A notícia de que um novo protesto pararia a zona sul da cidade de São Paulo nesta sexta-feira fez com que algumas empresas dispensassem seus funcionários mais cedo. A HP, multinacional da área de tecnologia, comunicou aos seus funcionários que o expediente da empresa seria interrompido no meio da tarde, no escritório do Centro Empresarial Nações Unidas (Cenu), na região da avenida Engenheiro Luís Carlos Berrini.

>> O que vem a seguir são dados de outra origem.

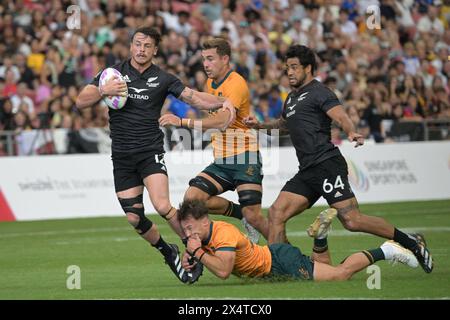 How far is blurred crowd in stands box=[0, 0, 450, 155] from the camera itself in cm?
2227

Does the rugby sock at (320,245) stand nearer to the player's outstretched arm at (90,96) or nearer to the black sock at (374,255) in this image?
the black sock at (374,255)

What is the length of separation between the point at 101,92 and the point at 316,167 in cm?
247

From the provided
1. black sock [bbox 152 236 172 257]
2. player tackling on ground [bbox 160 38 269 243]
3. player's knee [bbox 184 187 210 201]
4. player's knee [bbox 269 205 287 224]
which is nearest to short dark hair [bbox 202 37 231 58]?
player tackling on ground [bbox 160 38 269 243]

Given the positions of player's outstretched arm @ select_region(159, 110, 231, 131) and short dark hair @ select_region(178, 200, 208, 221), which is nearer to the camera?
short dark hair @ select_region(178, 200, 208, 221)

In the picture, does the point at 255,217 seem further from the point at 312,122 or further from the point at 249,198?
the point at 312,122

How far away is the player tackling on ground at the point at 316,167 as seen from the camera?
11484mm

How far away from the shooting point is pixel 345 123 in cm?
1138

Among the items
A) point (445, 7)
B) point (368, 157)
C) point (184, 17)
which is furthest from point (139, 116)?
point (445, 7)

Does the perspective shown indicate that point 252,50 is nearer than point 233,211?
No

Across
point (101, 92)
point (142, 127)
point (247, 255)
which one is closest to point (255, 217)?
point (142, 127)

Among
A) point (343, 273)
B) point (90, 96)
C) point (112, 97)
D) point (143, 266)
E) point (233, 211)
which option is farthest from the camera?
point (233, 211)

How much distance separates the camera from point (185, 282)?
1102cm

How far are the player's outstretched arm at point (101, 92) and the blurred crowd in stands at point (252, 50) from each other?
9.32m

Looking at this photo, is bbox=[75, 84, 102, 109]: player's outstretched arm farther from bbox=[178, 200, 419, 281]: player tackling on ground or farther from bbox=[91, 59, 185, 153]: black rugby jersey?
bbox=[178, 200, 419, 281]: player tackling on ground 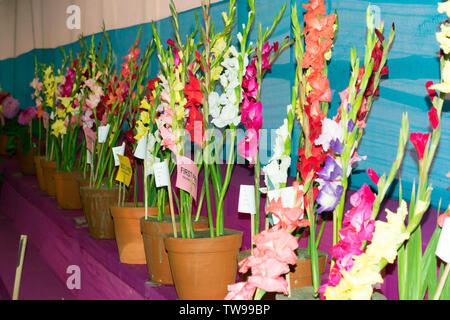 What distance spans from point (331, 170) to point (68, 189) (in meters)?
2.23

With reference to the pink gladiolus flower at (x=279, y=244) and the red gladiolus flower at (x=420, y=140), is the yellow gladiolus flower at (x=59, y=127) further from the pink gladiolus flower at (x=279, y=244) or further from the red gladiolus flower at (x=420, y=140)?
the red gladiolus flower at (x=420, y=140)

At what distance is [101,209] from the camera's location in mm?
2316

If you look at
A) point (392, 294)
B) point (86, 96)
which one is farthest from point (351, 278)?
point (86, 96)

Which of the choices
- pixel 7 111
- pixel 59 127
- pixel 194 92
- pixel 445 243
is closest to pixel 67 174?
pixel 59 127

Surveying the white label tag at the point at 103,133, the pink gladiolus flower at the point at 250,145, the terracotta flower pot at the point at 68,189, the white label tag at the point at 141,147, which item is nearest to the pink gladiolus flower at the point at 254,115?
the pink gladiolus flower at the point at 250,145


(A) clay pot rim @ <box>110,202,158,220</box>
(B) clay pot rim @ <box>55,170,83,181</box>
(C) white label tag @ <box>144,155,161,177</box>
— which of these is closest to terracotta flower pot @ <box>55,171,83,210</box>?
(B) clay pot rim @ <box>55,170,83,181</box>

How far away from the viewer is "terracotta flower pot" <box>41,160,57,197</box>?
3381 millimetres

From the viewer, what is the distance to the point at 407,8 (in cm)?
123

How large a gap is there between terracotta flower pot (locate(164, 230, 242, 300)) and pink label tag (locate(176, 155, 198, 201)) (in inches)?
4.8

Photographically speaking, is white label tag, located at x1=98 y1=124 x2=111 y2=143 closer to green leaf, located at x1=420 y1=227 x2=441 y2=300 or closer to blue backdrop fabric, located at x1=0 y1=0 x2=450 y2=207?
blue backdrop fabric, located at x1=0 y1=0 x2=450 y2=207

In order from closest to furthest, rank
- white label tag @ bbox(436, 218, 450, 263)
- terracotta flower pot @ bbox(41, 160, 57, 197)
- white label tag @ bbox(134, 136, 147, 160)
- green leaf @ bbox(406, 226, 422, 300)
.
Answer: white label tag @ bbox(436, 218, 450, 263), green leaf @ bbox(406, 226, 422, 300), white label tag @ bbox(134, 136, 147, 160), terracotta flower pot @ bbox(41, 160, 57, 197)

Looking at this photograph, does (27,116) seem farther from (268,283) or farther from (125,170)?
(268,283)

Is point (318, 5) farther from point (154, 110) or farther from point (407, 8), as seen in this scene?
point (154, 110) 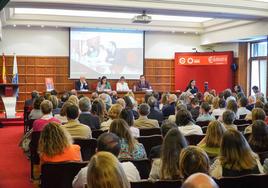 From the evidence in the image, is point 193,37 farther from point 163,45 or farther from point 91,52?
point 91,52

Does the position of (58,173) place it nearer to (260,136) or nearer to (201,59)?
(260,136)

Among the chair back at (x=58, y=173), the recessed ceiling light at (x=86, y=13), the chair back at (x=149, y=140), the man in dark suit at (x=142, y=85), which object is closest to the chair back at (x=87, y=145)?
the chair back at (x=149, y=140)

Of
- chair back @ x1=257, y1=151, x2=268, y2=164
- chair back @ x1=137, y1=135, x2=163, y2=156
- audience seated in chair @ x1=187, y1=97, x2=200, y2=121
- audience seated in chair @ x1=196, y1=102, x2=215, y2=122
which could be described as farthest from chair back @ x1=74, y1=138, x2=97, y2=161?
audience seated in chair @ x1=187, y1=97, x2=200, y2=121

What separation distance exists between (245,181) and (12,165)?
4.83 metres

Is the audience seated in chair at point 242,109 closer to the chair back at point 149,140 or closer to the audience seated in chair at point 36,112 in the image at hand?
the chair back at point 149,140

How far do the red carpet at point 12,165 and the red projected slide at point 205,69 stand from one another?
784 cm

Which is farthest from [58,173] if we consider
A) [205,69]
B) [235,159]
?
[205,69]

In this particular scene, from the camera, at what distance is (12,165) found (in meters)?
6.31

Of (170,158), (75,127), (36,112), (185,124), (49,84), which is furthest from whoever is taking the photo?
(49,84)

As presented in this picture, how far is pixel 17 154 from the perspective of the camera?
719 centimetres

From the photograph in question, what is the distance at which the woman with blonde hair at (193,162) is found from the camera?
86.4 inches

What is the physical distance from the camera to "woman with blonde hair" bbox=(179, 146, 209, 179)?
86.4 inches

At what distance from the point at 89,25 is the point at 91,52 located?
3.44ft

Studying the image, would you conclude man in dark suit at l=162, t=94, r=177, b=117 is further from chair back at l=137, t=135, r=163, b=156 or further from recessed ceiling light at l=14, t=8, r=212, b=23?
recessed ceiling light at l=14, t=8, r=212, b=23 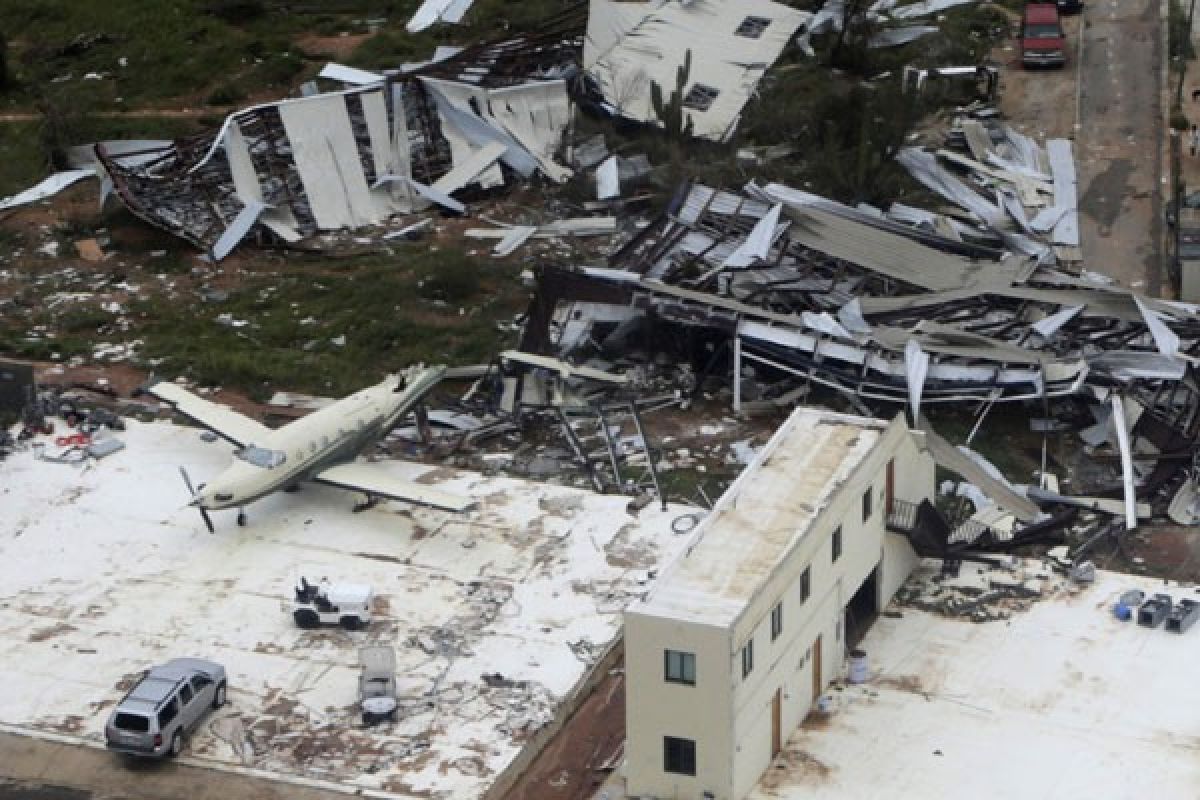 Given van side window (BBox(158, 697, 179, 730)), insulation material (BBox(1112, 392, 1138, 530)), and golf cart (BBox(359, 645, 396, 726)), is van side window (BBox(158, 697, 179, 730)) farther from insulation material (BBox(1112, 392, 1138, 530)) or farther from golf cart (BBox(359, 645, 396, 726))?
insulation material (BBox(1112, 392, 1138, 530))

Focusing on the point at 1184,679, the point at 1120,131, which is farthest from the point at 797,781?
the point at 1120,131

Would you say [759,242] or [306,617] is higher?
[759,242]

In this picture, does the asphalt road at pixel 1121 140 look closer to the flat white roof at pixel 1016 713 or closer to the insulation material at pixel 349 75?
the flat white roof at pixel 1016 713

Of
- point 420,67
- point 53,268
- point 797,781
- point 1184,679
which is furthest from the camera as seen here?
point 420,67

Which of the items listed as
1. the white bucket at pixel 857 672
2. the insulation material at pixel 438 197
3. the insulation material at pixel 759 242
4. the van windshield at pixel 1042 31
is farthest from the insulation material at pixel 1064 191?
the white bucket at pixel 857 672

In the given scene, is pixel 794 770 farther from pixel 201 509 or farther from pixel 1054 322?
pixel 1054 322

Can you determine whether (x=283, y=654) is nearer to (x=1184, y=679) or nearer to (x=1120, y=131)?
(x=1184, y=679)

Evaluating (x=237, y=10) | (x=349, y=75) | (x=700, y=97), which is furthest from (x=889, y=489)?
(x=237, y=10)
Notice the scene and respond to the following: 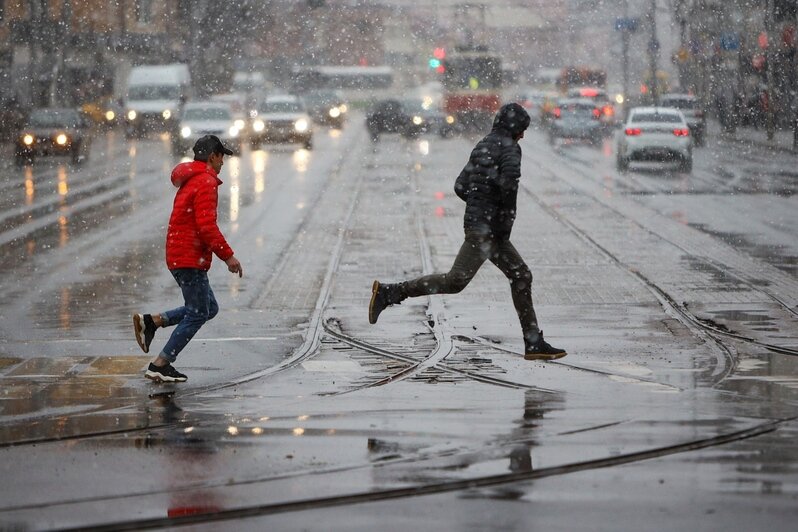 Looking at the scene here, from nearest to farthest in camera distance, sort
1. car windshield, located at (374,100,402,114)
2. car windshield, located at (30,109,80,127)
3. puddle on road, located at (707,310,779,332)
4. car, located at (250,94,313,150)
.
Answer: puddle on road, located at (707,310,779,332), car windshield, located at (30,109,80,127), car, located at (250,94,313,150), car windshield, located at (374,100,402,114)

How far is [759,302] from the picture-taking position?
46.0 feet

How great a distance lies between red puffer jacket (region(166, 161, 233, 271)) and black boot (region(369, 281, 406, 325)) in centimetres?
171

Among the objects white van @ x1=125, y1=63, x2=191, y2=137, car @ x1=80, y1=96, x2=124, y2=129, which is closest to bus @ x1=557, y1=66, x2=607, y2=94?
car @ x1=80, y1=96, x2=124, y2=129

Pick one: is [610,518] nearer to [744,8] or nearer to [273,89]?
[744,8]

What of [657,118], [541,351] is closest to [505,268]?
[541,351]

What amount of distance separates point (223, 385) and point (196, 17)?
3153 inches

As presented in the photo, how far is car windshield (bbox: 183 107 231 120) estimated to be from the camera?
47.2m

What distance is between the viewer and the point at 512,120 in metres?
10.5

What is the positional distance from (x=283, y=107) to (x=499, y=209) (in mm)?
42299

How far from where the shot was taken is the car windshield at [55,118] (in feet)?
142

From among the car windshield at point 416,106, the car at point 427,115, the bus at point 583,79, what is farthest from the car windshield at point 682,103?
the bus at point 583,79

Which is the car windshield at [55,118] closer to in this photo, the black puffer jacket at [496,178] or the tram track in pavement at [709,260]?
the tram track in pavement at [709,260]

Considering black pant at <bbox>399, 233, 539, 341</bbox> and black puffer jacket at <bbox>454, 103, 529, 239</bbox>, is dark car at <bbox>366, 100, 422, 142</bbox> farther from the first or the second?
black puffer jacket at <bbox>454, 103, 529, 239</bbox>

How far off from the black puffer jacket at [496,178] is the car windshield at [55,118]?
112 ft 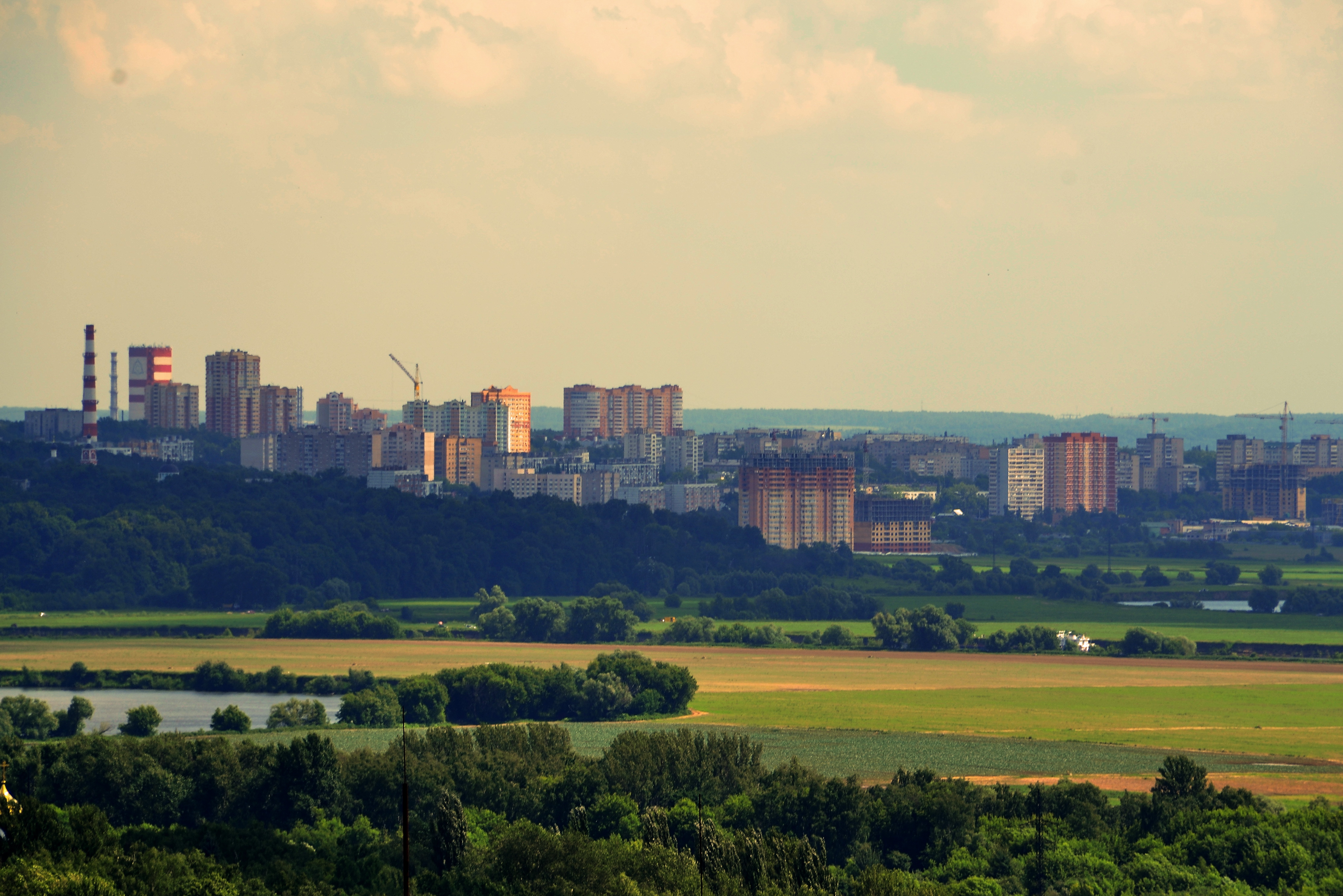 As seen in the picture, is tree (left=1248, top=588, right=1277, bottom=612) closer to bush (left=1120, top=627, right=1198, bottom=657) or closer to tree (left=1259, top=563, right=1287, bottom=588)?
tree (left=1259, top=563, right=1287, bottom=588)

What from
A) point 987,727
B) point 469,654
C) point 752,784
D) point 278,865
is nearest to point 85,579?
point 469,654

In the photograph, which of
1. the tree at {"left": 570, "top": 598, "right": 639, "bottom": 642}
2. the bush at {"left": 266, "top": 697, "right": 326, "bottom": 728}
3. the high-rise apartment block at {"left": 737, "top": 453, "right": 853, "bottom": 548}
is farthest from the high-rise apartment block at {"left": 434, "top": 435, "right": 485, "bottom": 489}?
the bush at {"left": 266, "top": 697, "right": 326, "bottom": 728}

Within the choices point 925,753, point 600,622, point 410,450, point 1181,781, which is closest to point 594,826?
point 1181,781

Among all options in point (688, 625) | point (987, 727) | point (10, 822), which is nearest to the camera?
point (10, 822)

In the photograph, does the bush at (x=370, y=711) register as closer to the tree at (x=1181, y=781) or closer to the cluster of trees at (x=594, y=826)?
the cluster of trees at (x=594, y=826)

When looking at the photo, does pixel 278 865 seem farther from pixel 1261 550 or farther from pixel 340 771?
pixel 1261 550

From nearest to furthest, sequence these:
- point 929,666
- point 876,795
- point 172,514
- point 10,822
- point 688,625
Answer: point 10,822 → point 876,795 → point 929,666 → point 688,625 → point 172,514

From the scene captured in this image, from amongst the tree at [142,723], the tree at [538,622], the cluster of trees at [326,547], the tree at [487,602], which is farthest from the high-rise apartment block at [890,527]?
the tree at [142,723]

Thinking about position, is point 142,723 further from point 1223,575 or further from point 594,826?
point 1223,575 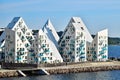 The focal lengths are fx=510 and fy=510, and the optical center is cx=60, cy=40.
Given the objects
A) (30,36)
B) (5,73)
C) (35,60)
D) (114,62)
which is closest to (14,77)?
(5,73)

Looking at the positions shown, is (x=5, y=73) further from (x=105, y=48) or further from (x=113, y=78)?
(x=105, y=48)

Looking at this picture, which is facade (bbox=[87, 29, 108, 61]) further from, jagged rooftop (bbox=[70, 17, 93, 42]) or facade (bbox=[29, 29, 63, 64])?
facade (bbox=[29, 29, 63, 64])

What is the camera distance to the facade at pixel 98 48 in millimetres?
122188

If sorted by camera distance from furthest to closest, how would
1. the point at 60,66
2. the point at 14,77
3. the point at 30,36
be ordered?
the point at 30,36 < the point at 60,66 < the point at 14,77

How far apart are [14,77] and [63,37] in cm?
2822

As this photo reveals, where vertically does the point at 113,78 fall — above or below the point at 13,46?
below

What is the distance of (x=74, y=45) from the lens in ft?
389

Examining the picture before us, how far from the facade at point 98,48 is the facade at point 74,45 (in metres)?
3.58

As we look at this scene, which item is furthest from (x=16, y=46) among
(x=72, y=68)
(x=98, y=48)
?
(x=98, y=48)

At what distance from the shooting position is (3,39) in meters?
121

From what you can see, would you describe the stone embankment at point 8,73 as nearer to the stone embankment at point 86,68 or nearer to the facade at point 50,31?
the stone embankment at point 86,68

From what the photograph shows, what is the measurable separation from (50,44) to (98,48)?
44.0 ft

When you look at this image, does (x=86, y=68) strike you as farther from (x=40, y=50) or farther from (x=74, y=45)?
(x=40, y=50)

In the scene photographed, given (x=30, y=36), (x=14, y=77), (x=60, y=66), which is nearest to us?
(x=14, y=77)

Circula pelas redes socais a informação de que o próximo protesto será às 17h, em frente à sede da Rede Globo, na avenida Doutor Chucri Zaidan. O comunicado, assinado pelo próprio presidente da HP no Brasil, Oscar Clarke, pedia para que os funcionários deixassem o prédio “impreterivelmente” até as 15h, quando o escritório seria fechado.

Relatos de funcionários de outras empresas do Cenu apontam que houve uma liberação por parte dos patrões para que a saída para o final de semana fosse antecipada.

Protesto não oficial

O protesto desta sexta-feira é divulgado pelas redes sociais, mas não é confirmado pelo Movimento Passe Livre, que tem organizado os atos na capital paulista. Denominado “Quinto grande ato contra o aumento de tarifas”, o protesto sairia da região onde fica a sede da emissora e seguiria para o Palácio dos Bandeirantes, no Morumbi.

Na página do Facebook do Movimento Passe Livre, o grupo confirma um protesto somente para a próxima segunda-feira, às 17h. Pelo Twitter, simpatizantes do movimento comentam sobre o possível protesto de hoje.

"Estão dizendo por aí que terá um protesto hoje na Berrini em frente a Rede Globo, juro que se for verdade eu colo (sic) lá", disse @PierceTheVii. "E hoje o protesto em São Paulo é em frente à Rede Globo. Não perca", convida a internauta @ElenCAM.

A cidade de São Paulo enfrenta protestos contra o aumento na tarifa do transporte público desde o dia 6 de junho. Manifestantes e policiais entraram em confronto em diferentes ocasiões e ruas do centro se transformaram em verdadeiros cenários de guerra. Enquanto policiais usavam bombas e tiros de bala de borracha, manifestantes respondiam com pedras e rojões.

Durante os atos, portas de agências bancárias e estabelecimentos comerciais foram quebrados, ônibus, muros e monumentos pichados e lixeiras incendiadas. Os manifestantes alegam que reagem à repressão opressiva da polícia, que age de maneira truculenta para tentar conter ou dispersar os protestos.

Segundo a administração pública, em quatro dias de manifestações mais de 250 pessoas foram presas, mais de 250 pessoas foram presas, muitas sob acusação de depredação de patrimônio público e formação de quadrilha. No dia 13 de junho, vários jornalistas que cobriam o protesto foram detidos, ameaçados ou agredidos.

As passagens de ônibus, metrô e trem da cidade de São Paulo passaram a custar R$ 3,20 no dia 2 de junho. A tarifa anterior, de R$ 3, vigorava desde janeiro de 2011.